= Richmond Baptist Church and Burying Ground =

Church in Richmond, Virginia, US

The Richmond Baptist Church was the first church to be organized in the city of Richmond, Virginia. The Old Baptist Church Burying Ground (circa 1780–1802) is an American cemetery, an early burial site for enslaved and free Black people, connected to the church. It was later developed over.

==History==

===Church foundation and early years===

Established in 1780 as the Richmond Baptist Church, the church was the first church of any denomination organized in the city of Richmond, Virginia. This meeting house was later referred to as the 'old Baptist Church'. It was also the first Baptist church founded in a Virginia city. Initially, the congregation gathered in private homes before constructing its first meeting house, near the north east corner of Cary at Second Streets. The church building no longer exists, but was located in what is the 200 block of E Cary St. The meeting house later became known as the 'old Baptist Church'. It was described as "One small wooden house, with a shed at either end, stood not far off, in which service was performed by Baptist preachers, for want of a better place of worship. Its locality possessed the advantage of being near the Penitentiary pond -- convenient for immersion--for it was then pure water." The church later became officially known as the First Baptist Church after the formation of the Second Baptist Church in 1820. The congregation moved to a new location at what is now E Broad St. and College St. in 1802. About half of its early members were enslaved and free people of color. By 1840, the church had a significant Black membership, with 1,700 Black members and 373 White members. In 1841, the congregation split along racial lines, leading to the formation of the First African Baptist Church.

===The Burying Ground===
The Old Baptist Church Burying Ground is the burial ground associated with the "old Baptist Church" on Cary Street. Established circa 1780 and active until approximately 1802, it served as an early burial site for both enslaved and free Black people connected to the church.

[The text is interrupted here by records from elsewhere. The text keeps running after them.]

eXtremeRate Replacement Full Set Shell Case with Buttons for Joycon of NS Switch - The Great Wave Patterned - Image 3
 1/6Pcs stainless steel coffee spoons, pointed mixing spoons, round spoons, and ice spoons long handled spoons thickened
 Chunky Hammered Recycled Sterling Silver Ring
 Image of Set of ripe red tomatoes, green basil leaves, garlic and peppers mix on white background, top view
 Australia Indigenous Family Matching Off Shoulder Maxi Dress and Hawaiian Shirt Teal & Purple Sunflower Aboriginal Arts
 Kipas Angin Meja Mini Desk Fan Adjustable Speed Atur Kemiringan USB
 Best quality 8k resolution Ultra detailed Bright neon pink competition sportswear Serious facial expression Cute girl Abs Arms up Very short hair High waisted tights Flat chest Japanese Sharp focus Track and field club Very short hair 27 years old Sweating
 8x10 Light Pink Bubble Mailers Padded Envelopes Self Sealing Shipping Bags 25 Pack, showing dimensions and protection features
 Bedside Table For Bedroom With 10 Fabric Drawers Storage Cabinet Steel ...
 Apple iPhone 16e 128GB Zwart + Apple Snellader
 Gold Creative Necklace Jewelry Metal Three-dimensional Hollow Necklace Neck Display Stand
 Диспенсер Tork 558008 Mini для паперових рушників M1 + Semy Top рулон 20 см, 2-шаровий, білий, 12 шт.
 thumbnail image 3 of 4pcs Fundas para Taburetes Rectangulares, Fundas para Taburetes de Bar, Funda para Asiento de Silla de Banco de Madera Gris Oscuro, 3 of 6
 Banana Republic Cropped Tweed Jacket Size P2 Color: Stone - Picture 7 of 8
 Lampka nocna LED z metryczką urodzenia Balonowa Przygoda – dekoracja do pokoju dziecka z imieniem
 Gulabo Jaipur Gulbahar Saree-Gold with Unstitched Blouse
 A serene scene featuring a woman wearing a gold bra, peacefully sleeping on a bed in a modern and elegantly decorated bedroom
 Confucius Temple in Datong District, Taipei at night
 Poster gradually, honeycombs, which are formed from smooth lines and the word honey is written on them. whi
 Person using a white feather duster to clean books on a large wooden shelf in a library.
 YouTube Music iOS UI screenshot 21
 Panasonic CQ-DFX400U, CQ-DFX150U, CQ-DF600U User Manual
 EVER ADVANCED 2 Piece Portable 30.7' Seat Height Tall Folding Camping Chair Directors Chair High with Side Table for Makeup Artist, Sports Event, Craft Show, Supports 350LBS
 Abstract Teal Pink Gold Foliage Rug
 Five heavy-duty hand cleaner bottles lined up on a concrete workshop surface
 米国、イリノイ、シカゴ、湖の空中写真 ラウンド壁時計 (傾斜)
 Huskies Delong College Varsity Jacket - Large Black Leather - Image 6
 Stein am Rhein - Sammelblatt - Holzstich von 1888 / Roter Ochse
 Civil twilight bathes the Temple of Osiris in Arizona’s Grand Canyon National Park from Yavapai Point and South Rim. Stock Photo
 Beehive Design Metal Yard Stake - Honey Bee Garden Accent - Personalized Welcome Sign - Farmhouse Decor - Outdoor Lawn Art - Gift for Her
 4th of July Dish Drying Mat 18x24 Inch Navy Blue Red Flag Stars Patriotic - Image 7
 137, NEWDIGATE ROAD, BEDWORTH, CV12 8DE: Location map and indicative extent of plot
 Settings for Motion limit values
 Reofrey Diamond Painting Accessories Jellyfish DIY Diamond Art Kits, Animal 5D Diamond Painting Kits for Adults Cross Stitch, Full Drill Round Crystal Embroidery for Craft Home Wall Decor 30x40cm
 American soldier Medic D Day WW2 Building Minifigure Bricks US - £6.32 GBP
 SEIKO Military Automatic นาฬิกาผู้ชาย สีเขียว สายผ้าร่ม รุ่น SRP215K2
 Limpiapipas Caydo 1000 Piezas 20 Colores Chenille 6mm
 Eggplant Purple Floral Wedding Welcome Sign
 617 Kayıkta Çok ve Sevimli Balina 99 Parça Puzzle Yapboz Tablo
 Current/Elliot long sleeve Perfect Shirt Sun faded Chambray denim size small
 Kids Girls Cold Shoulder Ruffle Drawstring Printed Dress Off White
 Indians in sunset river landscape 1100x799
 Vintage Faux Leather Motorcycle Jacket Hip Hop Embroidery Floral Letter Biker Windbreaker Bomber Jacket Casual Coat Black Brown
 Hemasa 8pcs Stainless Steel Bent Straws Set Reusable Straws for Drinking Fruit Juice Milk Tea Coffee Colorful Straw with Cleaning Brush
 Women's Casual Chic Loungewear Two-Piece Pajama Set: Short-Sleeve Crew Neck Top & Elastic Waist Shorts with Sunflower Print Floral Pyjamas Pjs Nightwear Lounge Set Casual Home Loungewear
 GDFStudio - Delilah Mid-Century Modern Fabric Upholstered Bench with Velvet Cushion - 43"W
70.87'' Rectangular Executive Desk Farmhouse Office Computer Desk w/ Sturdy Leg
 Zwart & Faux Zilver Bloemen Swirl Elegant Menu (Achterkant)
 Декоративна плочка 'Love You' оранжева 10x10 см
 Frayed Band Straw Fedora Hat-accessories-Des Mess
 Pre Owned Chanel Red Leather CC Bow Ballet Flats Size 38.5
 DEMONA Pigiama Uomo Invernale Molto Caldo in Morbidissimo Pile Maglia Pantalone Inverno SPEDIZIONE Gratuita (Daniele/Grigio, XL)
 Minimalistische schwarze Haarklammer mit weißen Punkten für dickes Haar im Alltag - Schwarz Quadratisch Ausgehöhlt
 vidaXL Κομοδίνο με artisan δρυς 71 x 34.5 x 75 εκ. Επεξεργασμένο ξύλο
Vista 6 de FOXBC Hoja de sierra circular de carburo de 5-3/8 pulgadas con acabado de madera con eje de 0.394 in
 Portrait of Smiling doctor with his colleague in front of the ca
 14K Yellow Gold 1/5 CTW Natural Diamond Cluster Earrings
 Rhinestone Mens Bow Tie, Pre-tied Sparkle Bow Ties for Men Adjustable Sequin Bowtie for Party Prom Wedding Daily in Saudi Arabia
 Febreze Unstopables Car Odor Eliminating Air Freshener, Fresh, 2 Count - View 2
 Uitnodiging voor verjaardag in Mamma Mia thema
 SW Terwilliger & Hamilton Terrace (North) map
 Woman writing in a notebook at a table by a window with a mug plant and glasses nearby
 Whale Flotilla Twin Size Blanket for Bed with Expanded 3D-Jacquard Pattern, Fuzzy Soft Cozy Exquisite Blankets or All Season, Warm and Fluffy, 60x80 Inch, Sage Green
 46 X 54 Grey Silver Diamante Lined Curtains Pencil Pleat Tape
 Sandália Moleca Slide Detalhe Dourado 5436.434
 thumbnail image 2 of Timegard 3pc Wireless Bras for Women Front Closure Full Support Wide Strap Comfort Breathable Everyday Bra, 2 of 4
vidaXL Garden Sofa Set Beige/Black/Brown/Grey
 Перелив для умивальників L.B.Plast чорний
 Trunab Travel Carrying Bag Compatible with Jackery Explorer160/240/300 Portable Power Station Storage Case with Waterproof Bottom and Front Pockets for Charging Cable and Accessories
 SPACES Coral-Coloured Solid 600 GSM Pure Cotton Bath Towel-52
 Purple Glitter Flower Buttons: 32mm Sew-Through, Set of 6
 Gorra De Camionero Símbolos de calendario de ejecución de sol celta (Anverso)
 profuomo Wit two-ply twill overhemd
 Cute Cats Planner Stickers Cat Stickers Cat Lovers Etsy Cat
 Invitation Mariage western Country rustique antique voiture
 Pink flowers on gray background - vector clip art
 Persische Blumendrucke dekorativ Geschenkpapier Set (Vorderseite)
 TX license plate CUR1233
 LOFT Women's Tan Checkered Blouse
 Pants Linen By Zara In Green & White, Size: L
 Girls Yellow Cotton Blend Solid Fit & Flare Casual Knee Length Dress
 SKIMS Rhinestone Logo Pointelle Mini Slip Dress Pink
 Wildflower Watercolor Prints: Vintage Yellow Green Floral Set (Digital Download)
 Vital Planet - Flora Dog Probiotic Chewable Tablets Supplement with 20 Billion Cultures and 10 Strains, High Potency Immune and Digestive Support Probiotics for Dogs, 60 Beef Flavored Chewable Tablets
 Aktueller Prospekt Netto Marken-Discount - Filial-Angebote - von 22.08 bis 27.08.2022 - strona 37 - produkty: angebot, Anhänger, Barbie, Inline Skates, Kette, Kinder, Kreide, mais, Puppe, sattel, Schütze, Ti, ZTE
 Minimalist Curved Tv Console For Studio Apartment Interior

According to a newspaper article in the Daily Dispatch, the burying ground was described as "Extending back from the place of execution towards Main street was a piece of wooded land, attached to the old Baptist Church in which the senior Father Courtney preached. This land was a kind of potters' field, used principally for the burial of negroes, but unenclosed. Here were interred the bodies of Gabriel, Solomon, and Peter, and others who suffered death for participation in the insurrection of 1800, and it was probably their remain that were disturbed by Capt. Coke's workmen." (Note: While the 1871 Daily Dispatch account is a primary source for the physical discovery of remains at this location, modern scholars and preservationists note that Reconstruction-era press accounts often utilized speculative narratives and racial stereotypes when reporting on Black historical figures.) The article states that Gabriel and some of his followers, including his brother Solomon and Peter, were interred there after their 1800 execution for involvement in a planned slave insurrection aimed at gaining control of Richmond and negotiating an end to slavery in Virginia. Whalthall's 'Hidden Things Brought to Light', written in 1861, notes that tombstones were protruding from the ground at 2nd and Cary Streets. Walthall states that the First Baptist people had selected it for a site.

In 1871, human remains were discovered during excavations for a new residence, belonging to Capt. John A. Coke, at the corner of Cary and 3rd streets. This plot (#659) was previously part of the old Baptist Church property. Newspaper speculation suggested the remains might belong to Gabriel, Solomon, Peter, and others executed on Gallows Hill based on accounts of their burials at that location.

The primary site for public executions in Richmond in 1800 was Gallows Hill, near Canal and 1st Streets, located within a few blocks of the old Baptist Church. The Shockoe Bottom African Burial Ground became the main execution site after 1806, and the Shockoe Hill African Burying Ground after 1816.

For several years following its rediscovery in the 1990s, the Shockoe Bottom African Burial Ground was believed by some to be the execution and burial site of Gabriel and his followers, after their failed rebellion. However, research of municipal records by scholars like Michael L. Nicholls and others indicates that the 'usual place' of execution in Richmond at the time of their 1800 condemnation was Gallows Hill, located near Canal Street and 1st Street, a few blocks from the old Baptist Church.
 The Burial Ground for Negroes in Shockoe Bottom, as it was known historically, became the 'usual place' of execution after 1806.